When Did We Stop Seeing Each Other?
- Michelle Porter
- Jan 25
- 4 min read

I keep seeing glimpses of something I deeply want to believe: that we're more connected than divided, that communication could bring us together.
I see it in moments when someone reaches across difference with genuine curiosity. When people hold their convictions strongly while still extending compassion to those who see things differently. When someone says "I don't agree with you, but I hear you."
Those moments remind me it's possible. And then I watch how we actually communicate with each other, and I wonder... what happened?
Conversation as Warfare
Here's what I keep noticing: we've stopped responding to what people actually say. We're responding to which category we've sorted them into.
Sometimes it's intentional - people poking just to get a reaction, engaging not to connect but to trigger. You see it everywhere from social media comment sections to family group chats. The goal isn't conversation, it's confrontation.
But often it's more subtle. A friend shares a text that gets completely misread because the other person is primed for defense rather than connection. Someone tries to explain a nuanced position and gets flattened into an overly simplistic version that's easier to dismiss. A conversation that could have led somewhere interesting gets shut down before it even starts because we've already decided what "someone like them" must think.
I've watched someone try to share a faith-based perspective as an invitation to dialogue, only to have it dismissed as narrow-mindedness before they even finished speaking. I've seen people articulate complex positions - yes to this AND yes to that - get reduced to overly simplistic versions: "so you're saying..." followed by something they absolutely didn't say.
Even in my own conversations, I catch people trying to pin me into a camp so they know how to respond. Sometimes I wonder if they're just too lazy to see me - Michelle, the actual human - outside the label they've assigned. Sometimes I DO say it directly, challenging them: "You know me. Am I a person to you, or just an element to be sorted into a box?"
Because that's really what we're doing to each other - reducing actual humans to elements we can easily categorize and file away.
Am I a person to you, or just an element to be sorted into a box?
Here's what I keep noticing about the language running underneath these interactions: Attack. Defend. Safe. React. Trigger. Enemy.
These are all war metaphors. Combat language.
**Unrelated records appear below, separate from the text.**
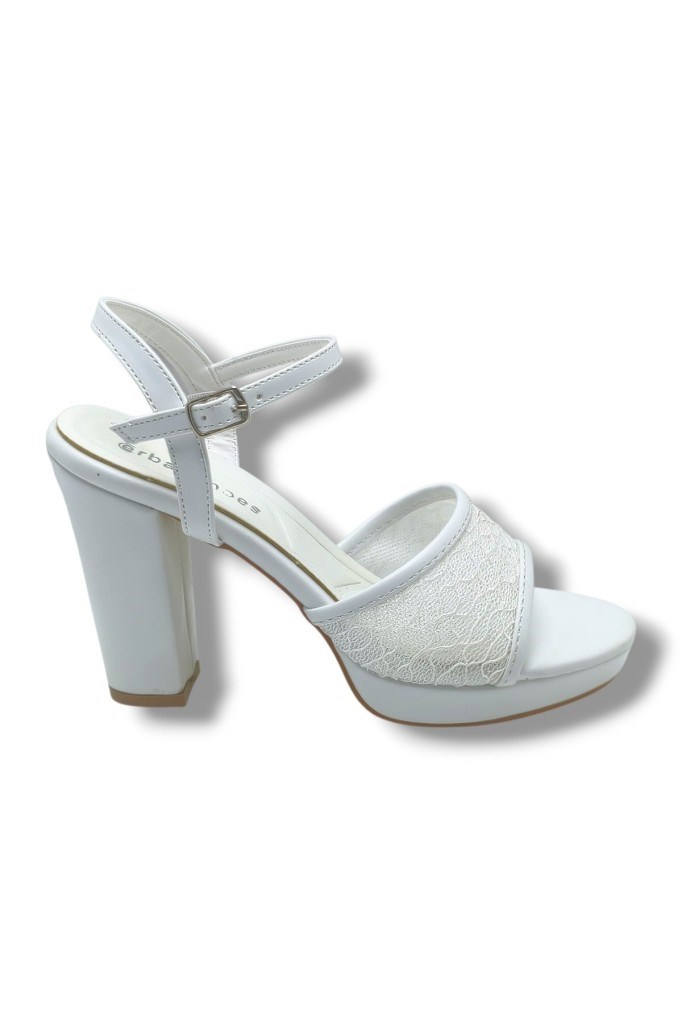 Erbay 320-26 Simli Dantelli Cilt Tek Bant Kalın Topuk Kadın Sandalet(11cm)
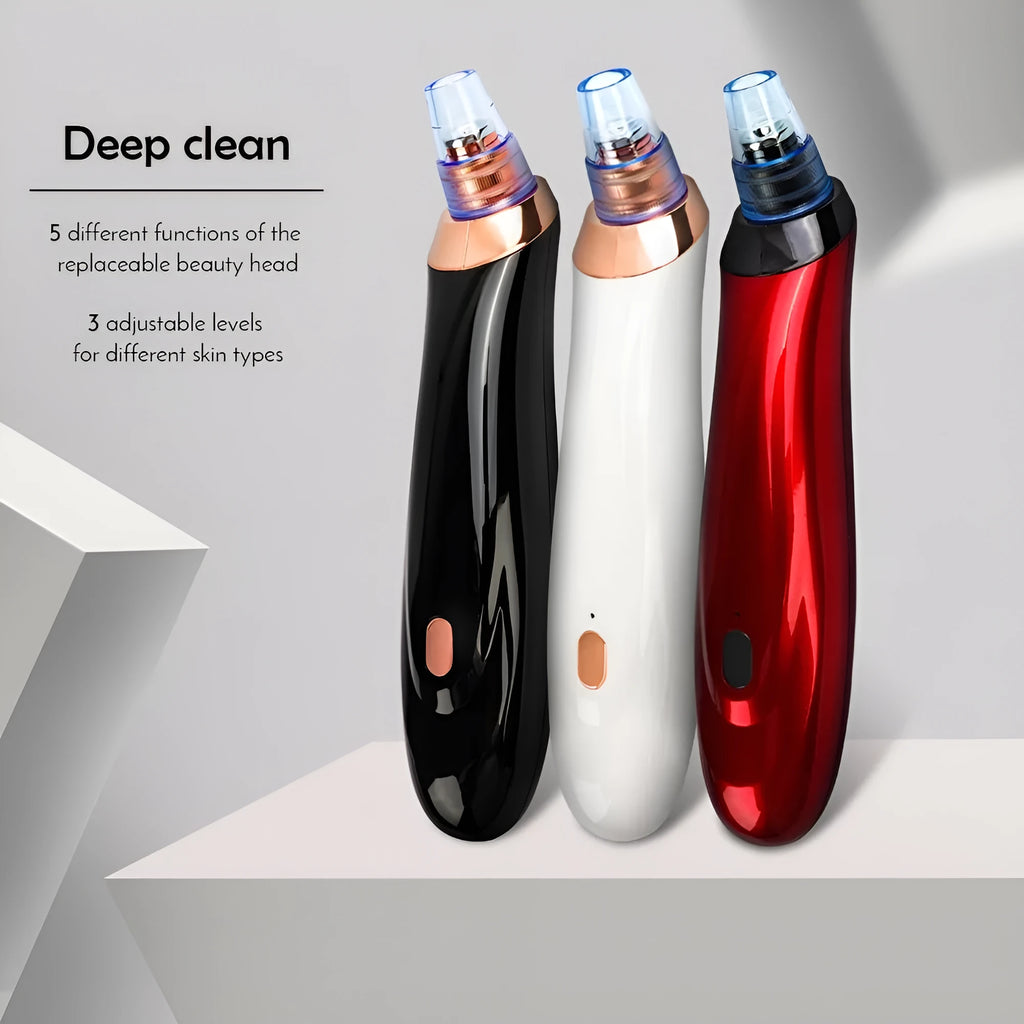 Black, gold, red, or white electric blackhead remover device with nozzle attachments on a white background.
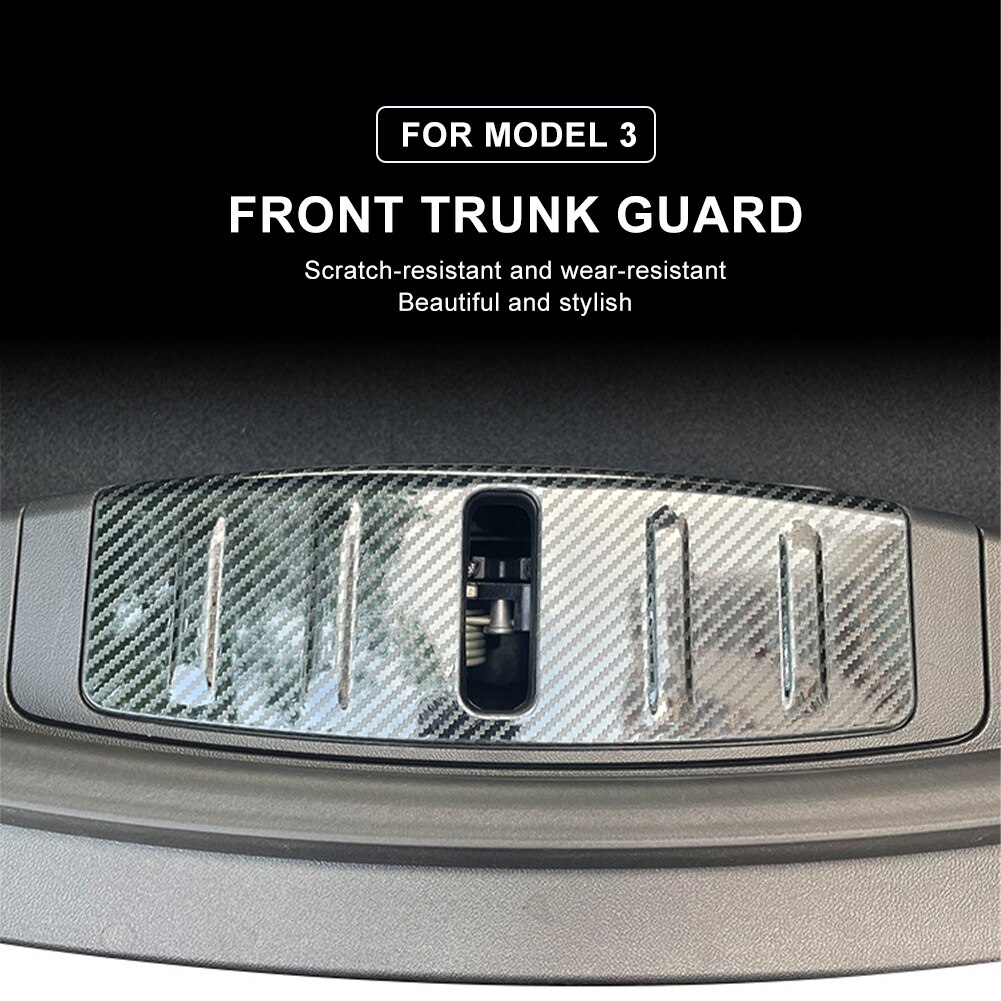 For Tesla Model 3 Accessories Front Trunk Sill Plate Guard Hood Lock Cover Protector Carbon Fiber Black decorative strips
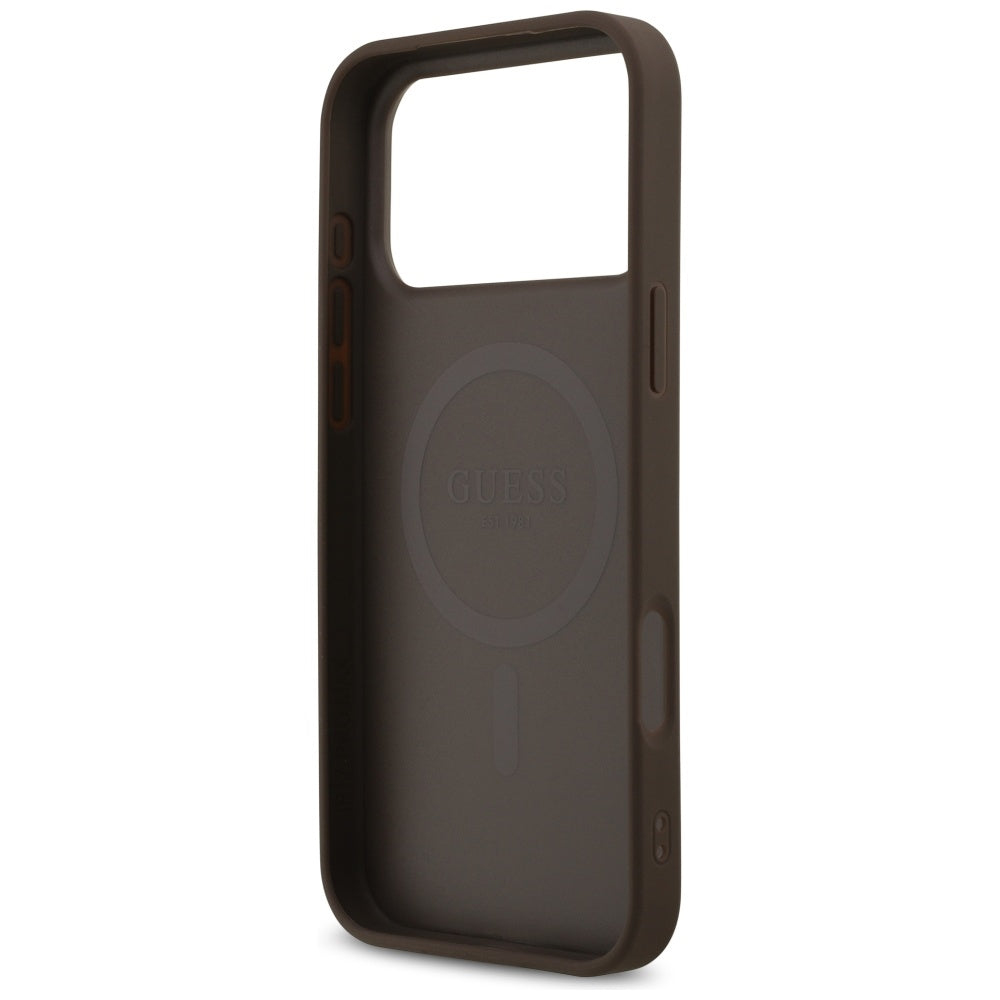 Guess 4G Printed Stripes MagSafe case for iPhone 17 Pro Max - brown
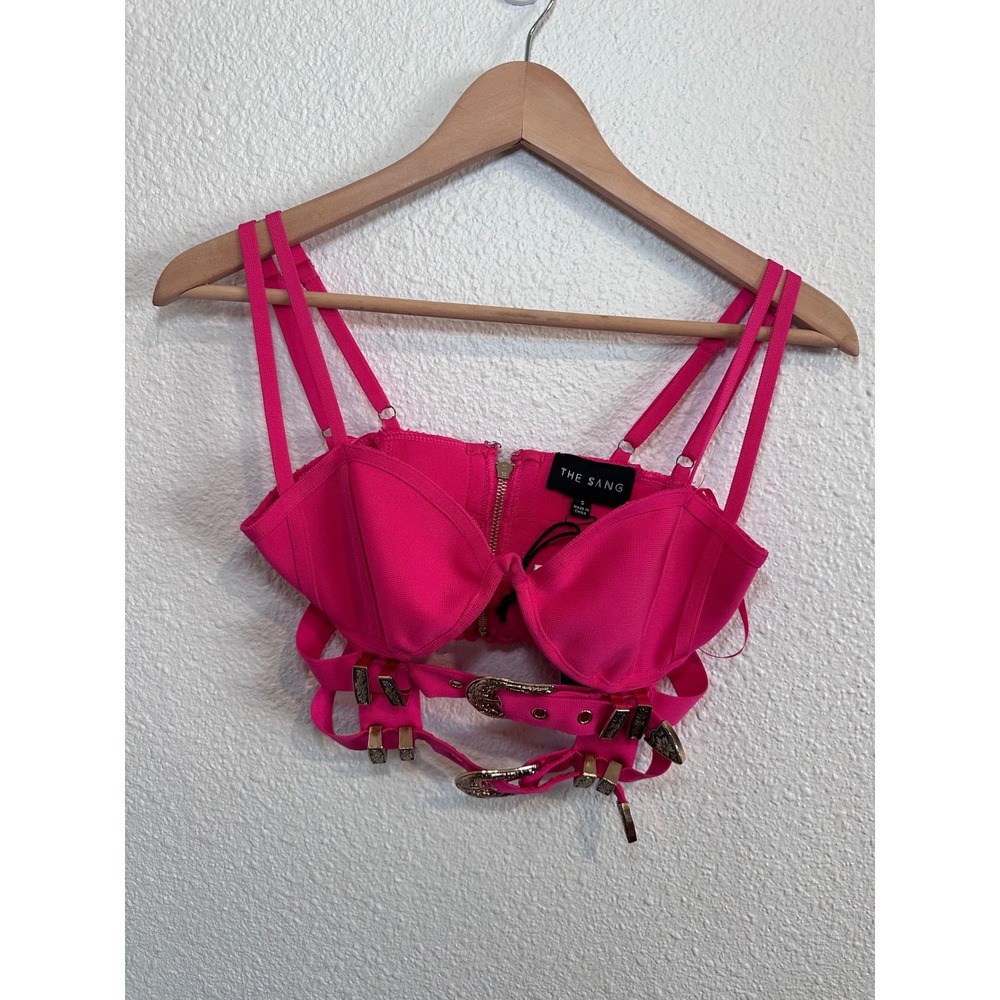Hot Pink Bandage Bustier Crop Top Western‎ Buckles Festival Wear Small NWT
We've literally started treating conversation as warfare - where the goal is to win, defend territory, identify threats.
The frameworks we use to make sense of the world - political, religious, ideological - they help us navigate complexity. But somewhere along the way, we started using them to sort people instead of understand them. And once someone's been sorted, we stop listening to what they're actually saying. We just respond to the version our framework predicted.
When Nuance Flatlines
This isn't just about hurt feelings or missed connections, though those matter.
When we engage framework-first instead of human-first, we lose the ability to hold nuance. Everything collapses into absolutes. You're either completely with us or completely against us. There's no room for "I share your values but see this differently" or "I'm wrestling with multiple truths here."
And here's what really troubles me: we can't solve actual problems this way.
Think about the complex issues we're facing - how we care for each other and our communities, how we build systems that work for real people, how we navigate genuine differences while staying connected. None of these have simple answers. All of them require us to hold multiple perspectives, wrestle with trade-offs, find solutions that honor different legitimate concerns.
But we can't do any of that if we're arguing with overly simplistic versions instead of engaging with actual humans.
Reclaiming Curiosity and Connection
I don't have this figured out. I catch myself sorting and reacting too. But I'm trying to notice when I do it. And here's what I'm practicing:
What if we tried different language? Not just in what we say out loud, but in the questions running through our heads during conversations:
Instead of unconsciously scanning for threat, asking "friend or foe?" consider "How can I be curious about what they're actually saying?"
Instead of "How do I win this?" try "Am I able to listen AND hold my own perspective?"
Instead of "Which camp are they in?" ask "What more can I learn about this human in front of me?"
This isn't about being naive or abandoning discernment. Some positions genuinely do cause harm. Some conversations aren't safe. But we've gotten so primed for combat that we're bringing war language to encounters that don't need it - with friends, family, neighbors, people who actually care about many of the same things we do but see the path differently.
When you feel yourself being reduced to a category, you can name it - gently but clearly. "I'm more complex than that" or "That's not what I'm saying - let me try again."
And when someone's trying to explain their position, you can ask: "Is that what you mean? Can you tell me more?" Not as a tactic, but as genuine curiosity.
When you catch yourself doing it to someone else - reducing them to their framework, their label, their presumed position - you can pause. Get curious. Ask a question. Remember you're talking to a person, not a category.
Our experiences shape how we see the world. They don't have to determine how much compassion we extend.
I still believe we're more connected than divided. I still believe communication could bring us together. But it requires actually communicating - with actual people, not the predictions our frameworks make.
So here's one small step: In your next conversation, when you feel that sorting impulse kick in, pause. Ask yourself: "What am I missing about this person?" Or if you're brave: "Am I treating them like a person or a category?"
It's small. It's hard. And right now, it might be exactly what we need.